The Dirt Factory continues the theme of a number of your recent exhibitions, such as Sick at Conical Gallery in Melbourne.

The Dirt Factory is a development of some of the ideas I explored in Excelsior 3000, Super Interactive Toilets [2001]. However with this new project I have tried to push the idea of the body a lot further into a more perverse, psychopathological realm of abject material like dirt and shit. I’m interested in dirt as transformative material, as a metaphor for bodily decay and uselessness.

I like the fact that The Dirt Factory is kind of ugly and fucked up. It needs to be because the material I am dealing with in the exhibition looks at the story behind Kellogg’s Corn Flakes, which is quite strange.
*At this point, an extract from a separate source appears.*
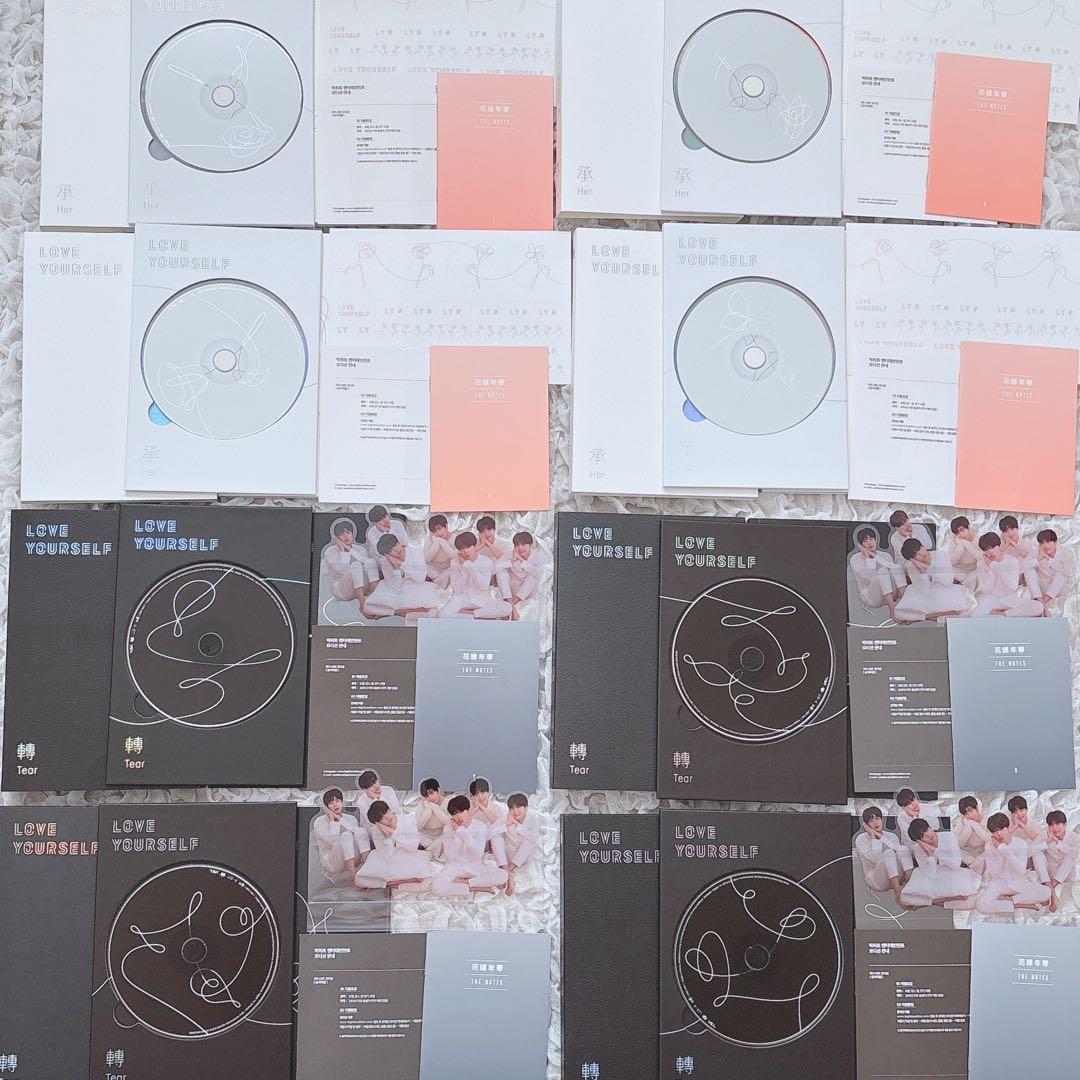 公式 BTS アルバム まとめ売り ⑤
Dr John Harvey Kellogg was obsessed with the proper functioning of one’s bowels and there are parallels with that and the whole contemporary detox industry; this idea of cleansing and cleaning as a kind of transformation of the body. Philip Samartzis did the soundtrack for the show, with a soundscape of the human body as a form of plumbing. So in addition to the sound, there are lots of drawings, animations and various installations.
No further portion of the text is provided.